Daniel blithely ignored him. "You know, in some cultures, you would now owe me your life."
"How so?"
"Well, if you save a person's life, that person owes it to you—you kind of end up owning the person you saved."
"Good thing we don't live in one of those cultures."
"Yeah. I guess." Daniel shifted again. "But it would be nice of you to say thanks."
O'Neill grunted.
Janet took one last swab with a piece of gauze and then expertly taped up the Colonel's abdomen. "No sit ups, no heavy lifting. Keep that wound clean and dry, and come back tomorrow and we'll clean it up again if necessary." She stood, yanking off the gloves. "Daniel—I mean it—that was a really cool thing you did. Really. I'm impressed."
Daniel grinned. "It's nothing. Truly. Just doing my job."
Janet laughed. "Okay, then.
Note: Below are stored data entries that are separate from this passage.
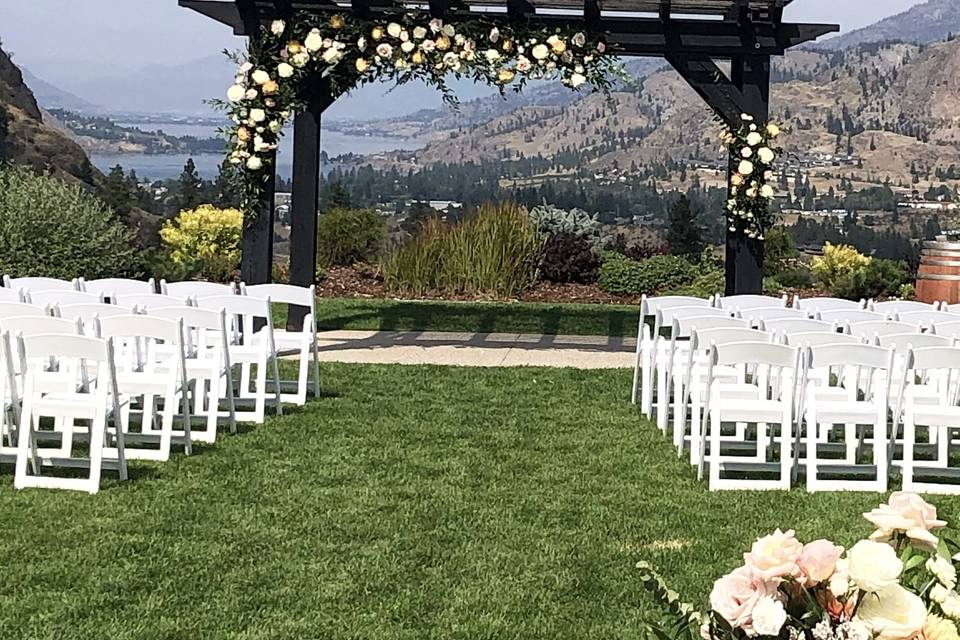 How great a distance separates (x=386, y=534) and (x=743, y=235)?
7880 mm

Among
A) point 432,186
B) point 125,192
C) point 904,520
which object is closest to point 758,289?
point 904,520

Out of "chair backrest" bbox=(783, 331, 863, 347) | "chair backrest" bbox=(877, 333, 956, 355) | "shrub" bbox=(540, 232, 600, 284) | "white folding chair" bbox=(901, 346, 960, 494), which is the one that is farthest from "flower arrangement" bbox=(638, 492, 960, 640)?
"shrub" bbox=(540, 232, 600, 284)

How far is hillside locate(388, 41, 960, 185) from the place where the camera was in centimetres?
3459

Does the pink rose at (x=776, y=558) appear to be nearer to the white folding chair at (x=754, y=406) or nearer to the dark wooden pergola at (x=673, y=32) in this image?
the white folding chair at (x=754, y=406)

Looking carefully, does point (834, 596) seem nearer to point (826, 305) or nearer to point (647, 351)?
point (647, 351)

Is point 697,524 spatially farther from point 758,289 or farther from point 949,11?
point 949,11

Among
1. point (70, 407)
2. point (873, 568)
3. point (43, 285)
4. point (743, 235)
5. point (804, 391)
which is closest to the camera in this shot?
point (873, 568)

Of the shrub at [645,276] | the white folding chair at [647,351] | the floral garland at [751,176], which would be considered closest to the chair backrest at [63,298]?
the white folding chair at [647,351]

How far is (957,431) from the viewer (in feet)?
→ 29.8

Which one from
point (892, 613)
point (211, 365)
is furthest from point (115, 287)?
point (892, 613)

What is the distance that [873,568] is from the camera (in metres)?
1.72

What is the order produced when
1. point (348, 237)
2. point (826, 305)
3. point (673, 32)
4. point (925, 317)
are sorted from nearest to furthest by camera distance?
point (925, 317) < point (826, 305) < point (673, 32) < point (348, 237)

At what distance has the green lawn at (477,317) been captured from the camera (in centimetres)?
1506

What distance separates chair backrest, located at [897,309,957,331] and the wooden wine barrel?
5.63 m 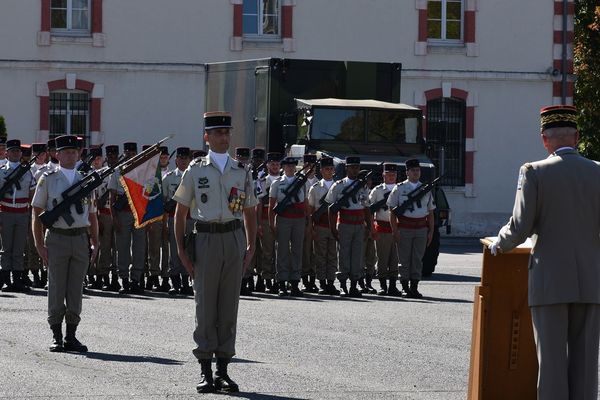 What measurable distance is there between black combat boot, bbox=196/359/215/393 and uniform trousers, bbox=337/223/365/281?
9751mm

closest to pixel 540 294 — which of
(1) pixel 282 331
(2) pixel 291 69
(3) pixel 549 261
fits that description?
(3) pixel 549 261

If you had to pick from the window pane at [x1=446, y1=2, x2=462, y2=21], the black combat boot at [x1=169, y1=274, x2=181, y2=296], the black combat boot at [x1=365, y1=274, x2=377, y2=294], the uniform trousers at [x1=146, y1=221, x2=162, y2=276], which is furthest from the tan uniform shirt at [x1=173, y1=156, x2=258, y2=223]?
the window pane at [x1=446, y1=2, x2=462, y2=21]

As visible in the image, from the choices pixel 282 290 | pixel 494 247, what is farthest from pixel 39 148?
pixel 494 247

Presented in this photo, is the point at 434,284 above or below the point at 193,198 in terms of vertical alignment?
below

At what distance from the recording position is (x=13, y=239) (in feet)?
65.3

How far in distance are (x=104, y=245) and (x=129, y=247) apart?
1.91ft

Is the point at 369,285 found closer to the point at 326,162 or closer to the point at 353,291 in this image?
the point at 353,291

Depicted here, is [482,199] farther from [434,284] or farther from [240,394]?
[240,394]

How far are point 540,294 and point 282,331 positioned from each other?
21.0ft

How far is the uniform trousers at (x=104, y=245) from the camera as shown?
20.7 meters

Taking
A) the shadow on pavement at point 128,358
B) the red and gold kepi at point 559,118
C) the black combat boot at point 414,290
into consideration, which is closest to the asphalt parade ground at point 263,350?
the shadow on pavement at point 128,358

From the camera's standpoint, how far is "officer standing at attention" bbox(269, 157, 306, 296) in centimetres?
2027

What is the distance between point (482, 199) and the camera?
38125 mm

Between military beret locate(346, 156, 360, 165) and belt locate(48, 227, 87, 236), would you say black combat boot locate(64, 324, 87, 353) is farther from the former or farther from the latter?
military beret locate(346, 156, 360, 165) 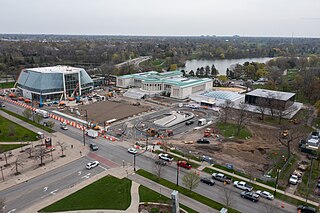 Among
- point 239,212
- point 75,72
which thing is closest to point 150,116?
point 75,72

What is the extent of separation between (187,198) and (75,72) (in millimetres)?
50792

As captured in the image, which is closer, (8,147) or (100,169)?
(100,169)

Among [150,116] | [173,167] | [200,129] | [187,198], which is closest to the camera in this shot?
[187,198]

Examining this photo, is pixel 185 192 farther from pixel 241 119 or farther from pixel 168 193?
pixel 241 119

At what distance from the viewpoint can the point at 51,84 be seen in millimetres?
63750

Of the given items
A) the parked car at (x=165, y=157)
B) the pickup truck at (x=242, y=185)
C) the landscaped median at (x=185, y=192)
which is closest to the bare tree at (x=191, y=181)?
the landscaped median at (x=185, y=192)

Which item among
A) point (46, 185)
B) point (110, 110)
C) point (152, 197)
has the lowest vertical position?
point (46, 185)

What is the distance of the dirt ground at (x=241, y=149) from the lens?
33188mm

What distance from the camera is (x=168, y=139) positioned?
1633 inches

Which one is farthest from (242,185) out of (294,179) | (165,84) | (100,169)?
(165,84)

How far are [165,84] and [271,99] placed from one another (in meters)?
29.9

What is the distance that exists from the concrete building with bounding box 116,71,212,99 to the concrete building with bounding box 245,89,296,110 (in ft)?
54.3

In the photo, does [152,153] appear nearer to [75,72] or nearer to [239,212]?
[239,212]

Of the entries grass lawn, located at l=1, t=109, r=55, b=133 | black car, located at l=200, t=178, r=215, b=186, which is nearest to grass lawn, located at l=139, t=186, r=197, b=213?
black car, located at l=200, t=178, r=215, b=186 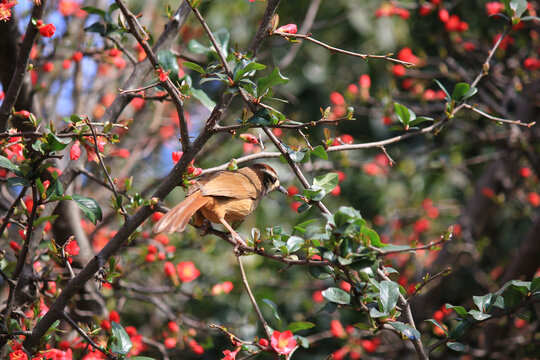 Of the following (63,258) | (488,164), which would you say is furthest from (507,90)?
(63,258)

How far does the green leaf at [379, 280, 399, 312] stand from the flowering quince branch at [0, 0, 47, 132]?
172 cm

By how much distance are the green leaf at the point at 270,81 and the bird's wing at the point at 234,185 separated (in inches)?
38.1

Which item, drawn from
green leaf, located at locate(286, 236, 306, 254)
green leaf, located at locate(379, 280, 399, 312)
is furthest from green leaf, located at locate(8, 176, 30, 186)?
green leaf, located at locate(379, 280, 399, 312)

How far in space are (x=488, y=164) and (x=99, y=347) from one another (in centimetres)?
412

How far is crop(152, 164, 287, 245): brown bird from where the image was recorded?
2713 mm

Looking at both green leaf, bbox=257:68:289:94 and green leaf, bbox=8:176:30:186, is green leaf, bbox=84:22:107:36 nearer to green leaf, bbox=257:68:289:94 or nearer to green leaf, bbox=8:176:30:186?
green leaf, bbox=8:176:30:186

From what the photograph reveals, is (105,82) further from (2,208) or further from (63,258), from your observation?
(63,258)

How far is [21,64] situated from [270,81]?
1.14 metres

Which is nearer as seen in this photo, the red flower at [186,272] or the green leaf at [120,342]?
the green leaf at [120,342]

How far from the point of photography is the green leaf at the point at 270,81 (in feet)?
6.20

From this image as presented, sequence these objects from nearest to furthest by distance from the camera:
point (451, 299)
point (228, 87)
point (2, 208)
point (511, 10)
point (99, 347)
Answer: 1. point (228, 87)
2. point (99, 347)
3. point (511, 10)
4. point (2, 208)
5. point (451, 299)

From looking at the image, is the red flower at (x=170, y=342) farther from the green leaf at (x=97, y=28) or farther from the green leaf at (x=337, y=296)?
the green leaf at (x=97, y=28)

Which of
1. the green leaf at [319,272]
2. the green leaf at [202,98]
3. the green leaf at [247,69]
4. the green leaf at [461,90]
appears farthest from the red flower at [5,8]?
the green leaf at [461,90]

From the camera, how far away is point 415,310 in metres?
4.45
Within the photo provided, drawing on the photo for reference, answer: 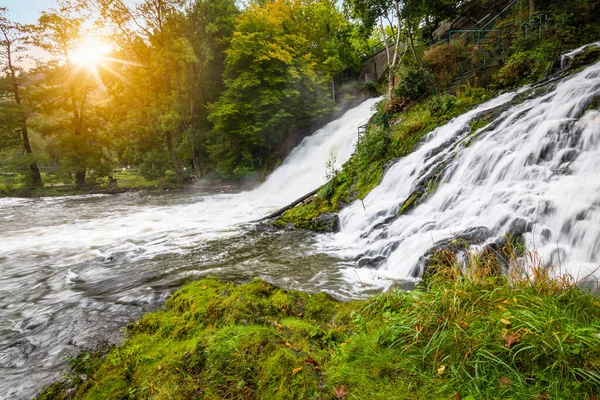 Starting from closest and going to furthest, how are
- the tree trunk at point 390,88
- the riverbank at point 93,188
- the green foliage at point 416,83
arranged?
the green foliage at point 416,83, the tree trunk at point 390,88, the riverbank at point 93,188

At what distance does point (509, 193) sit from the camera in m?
5.09

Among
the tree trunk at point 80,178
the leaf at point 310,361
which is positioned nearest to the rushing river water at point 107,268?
the leaf at point 310,361

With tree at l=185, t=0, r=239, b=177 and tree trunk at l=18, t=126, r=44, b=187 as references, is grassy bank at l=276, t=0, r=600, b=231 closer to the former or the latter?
tree at l=185, t=0, r=239, b=177

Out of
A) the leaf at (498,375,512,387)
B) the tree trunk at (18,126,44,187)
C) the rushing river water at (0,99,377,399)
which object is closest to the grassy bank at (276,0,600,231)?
the rushing river water at (0,99,377,399)

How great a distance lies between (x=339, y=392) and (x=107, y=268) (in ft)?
20.8

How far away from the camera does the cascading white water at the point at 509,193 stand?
159 inches

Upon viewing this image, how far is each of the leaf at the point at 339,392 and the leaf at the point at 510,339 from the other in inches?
42.9

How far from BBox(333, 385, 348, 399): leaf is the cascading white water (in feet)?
10.0

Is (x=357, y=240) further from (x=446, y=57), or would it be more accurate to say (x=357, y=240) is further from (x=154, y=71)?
(x=154, y=71)

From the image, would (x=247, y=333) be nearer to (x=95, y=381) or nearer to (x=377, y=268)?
(x=95, y=381)

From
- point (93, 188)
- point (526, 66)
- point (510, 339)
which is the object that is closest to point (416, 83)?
point (526, 66)

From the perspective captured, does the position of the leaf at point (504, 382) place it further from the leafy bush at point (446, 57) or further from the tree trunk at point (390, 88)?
the leafy bush at point (446, 57)

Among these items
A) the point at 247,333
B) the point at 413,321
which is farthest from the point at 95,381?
the point at 413,321

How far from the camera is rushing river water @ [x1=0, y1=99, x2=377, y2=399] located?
332 centimetres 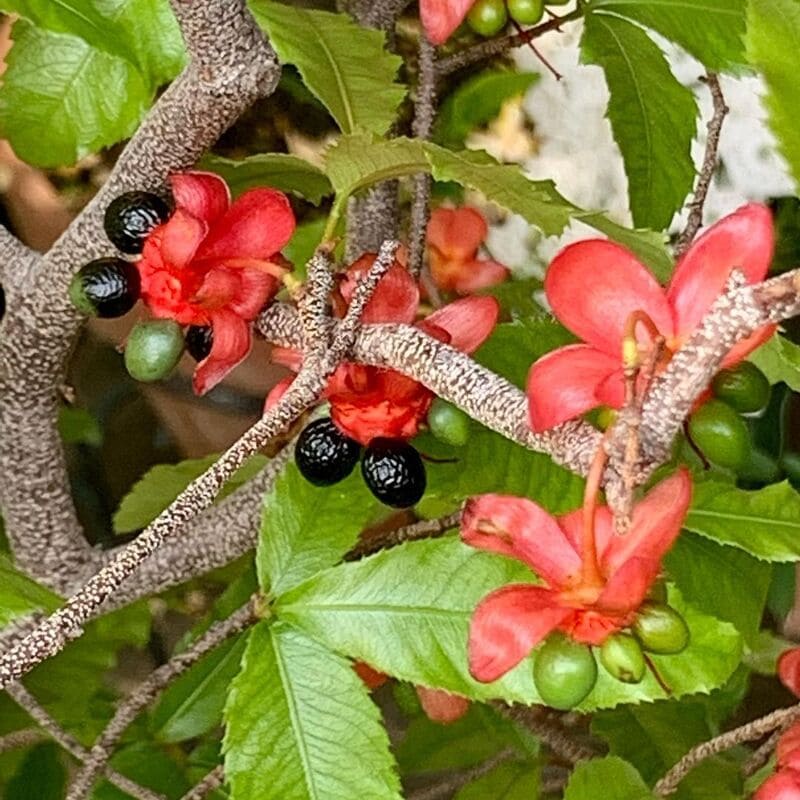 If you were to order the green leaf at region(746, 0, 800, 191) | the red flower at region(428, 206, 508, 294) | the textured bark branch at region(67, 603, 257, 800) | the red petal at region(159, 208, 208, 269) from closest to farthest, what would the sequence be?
the green leaf at region(746, 0, 800, 191), the red petal at region(159, 208, 208, 269), the textured bark branch at region(67, 603, 257, 800), the red flower at region(428, 206, 508, 294)

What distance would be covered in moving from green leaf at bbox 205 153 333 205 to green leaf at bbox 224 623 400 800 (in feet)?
0.63

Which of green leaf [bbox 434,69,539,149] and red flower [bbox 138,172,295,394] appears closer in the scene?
red flower [bbox 138,172,295,394]

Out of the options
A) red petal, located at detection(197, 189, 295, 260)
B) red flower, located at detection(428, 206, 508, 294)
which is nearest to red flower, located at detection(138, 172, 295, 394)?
red petal, located at detection(197, 189, 295, 260)

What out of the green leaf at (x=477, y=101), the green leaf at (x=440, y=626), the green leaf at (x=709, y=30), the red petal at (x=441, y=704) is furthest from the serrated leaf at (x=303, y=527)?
the green leaf at (x=477, y=101)

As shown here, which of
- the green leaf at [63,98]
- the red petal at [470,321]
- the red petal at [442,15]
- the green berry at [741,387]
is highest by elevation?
the red petal at [442,15]

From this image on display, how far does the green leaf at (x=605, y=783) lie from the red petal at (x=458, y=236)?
36cm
Tylenol if your butt starts hurting, and you, Sir—pick up your prescription at the desk in around an hour." She patted Daniel's arm. "Really—awesome."
Daniel beamed at her.
AS she left, he turned to Jack, who still sat, unmoving, on the gurney.
"Lunch?"
"Yeah-let's go find Carter and Teal'c."
"Locker rooms, is my guess."
"Probably."
Daniel headed out towards the door, but O'Neill caught at his arm. "Hey, Daniel."
"Yeah, Jack?"
The Colonel looked at him steadily, sincerely. "Thank you."
A slow, broad grin stretched across Daniel's face. Meeting Jack's look, he scrunched up his mouth and shrugged.
"Don't worry about it." He said, gesturing toward the door. "It was nothing."